Böylece kişisel verilerimiz yasal ve anayasal düzenlemelerle güvence altına alınmak istenmiştir. Bunun için 6698 sayılı yasa ile Kişisel Verileri Koruma Kurumu ihdas edilmiştir. Kurum, hem kişisel veriler hususunda toplumu bilgilendirerek farkındalık oluşturmak, hem de kişisel verileri ihlal edilen kişilerin şikâyetlerini alarak değerlendirme yapmak ve varsa ihlal, bu konuda çok ciddi idari ve cezai müeyyide uygulamakla yetkili ve sorumludur.
Gerçekte günlük hayatta kişisel verilerle ilgili pek çok sorunla karşılaşmaktayız. Mesela alışveriş esnasında sizden cep telefon numaranızı isteyen kasiyer sizin kişisel verinizi talep etmektedir. Maalesef çoğu zaman bunu hem de herkesin içinde talep etmektedir. Öncelikle bu talebi karşılamak zorunda olmadığınızı ifade edeyim. Gişe, kasiyer ve benzeri yerlerde talep edilen ve ancak aydınlatma sonucunda açık rızanızla alınması mümkün olan kişisel verileriniz alınırken o mekânda veri sorumlusu tarafından mutlaka uygun tedbirler alınmalıdır. Örneğin sırada bekleyenlerin verilerinizi verirken duymaması ve görmemesi sağlanmalıdır. Yine katıldığınız bir seminerde fotoğrafınızın çekilmesini istemeyebilir, yayınlanmamasını talep edebilirsiniz.
Herhangi bir kurum ya da kuruluş kişisel verimizi talep ettiğinde yasal olarak rızamızı talep etmek zorundadır. Burada bahsedilen rıza açık rıza olup ilgili kişinin kendisiyle ilgili veri işlenmesine, özgürce, konuyla ilgili yeterli bilgi sahibi olarak, tereddüde yer bırakmayacak açıklıkta ve sadece o işlemle sınırlı olarak verdiği onay beyanı şeklinde anlaşılmalıdır.
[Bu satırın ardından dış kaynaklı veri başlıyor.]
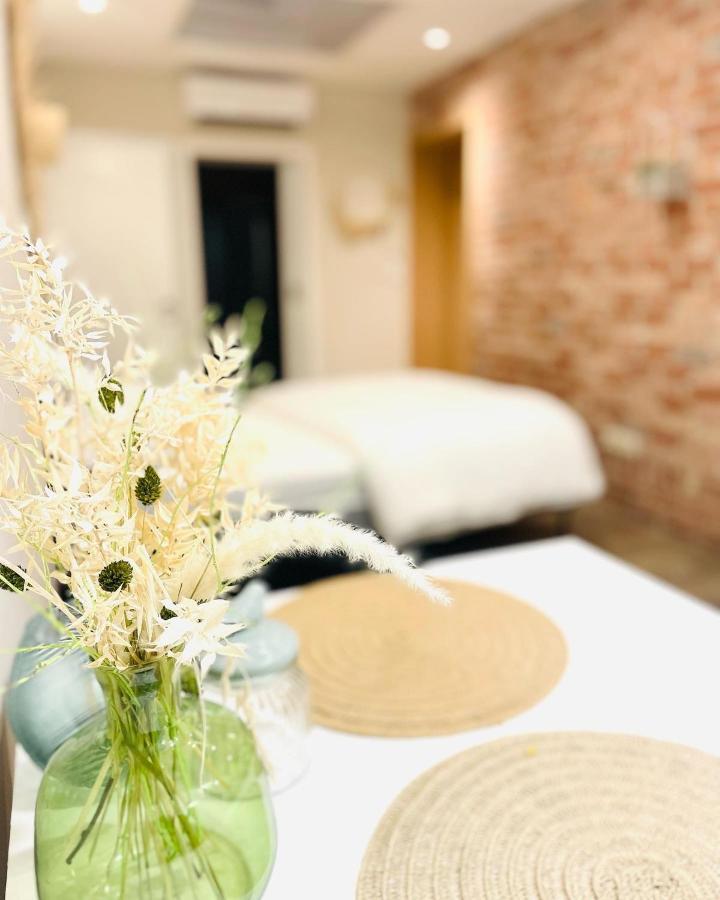 La Petite Halte Bed & Breakfast Comines-Warneton Dış mekan fotoğraf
Yine bu açık rızayı alabilmesi için kişisel veri talep edenin bizi aydınlatması yani bu veriyi hangi amaçla nerede kullanacak, bunun kötüye kullanımı halinde haklarımız nelerdir, bu konuda bilgilendirmesi gerekir. Açık rıza vermek, kişiye sıkı sıkıya bağlı bir hak olduğundan, verilen açık rıza her zaman geri alınabilir.
Kişisel verileri koruma kanunundan doğan haklarımız 6698 sayılı yasanın 11.maddesinde sayılmış olup; Buna göre ilgili kişi her zaman veri sorumlusuna başvurarak kişisel verilerinin işlenip işlenmediğini, işlenmişse bilgi talep etme, işlenme amacı ve bu amaca uygun kullanılıp kullanılmadığı, nerede kullanıldığı, üçüncü kişilere aktarılıp aktarılmadığını, eksik ve hatalı verilerin düzeltilmesini, silinmesi ve yok edilmesini talep edebilir.
İlgili kişi bu hakları kullanabilmek için önce yasa ve yönetmelikteki şartlara uygun olarak veri sorumlusuna başvurmak zorundadır. Bu yol tüketilmeden Kurul’a şikâyet yoluna gidilemez. Veri sorumlusu başvuruda yer alan talepleri talebin niteliğine göre en kısa sürede ve en geç otuz gün içinde ücretsiz olarak sonuçlandırmalıdır. Veri sorumlusuna yapmış olduğumuz başvuru reddedilir, süresinde cevap verilmez ya da verilen cevap tarafımızca yetersiz görülürse Kurul'a şikâyette bulunabiliriz.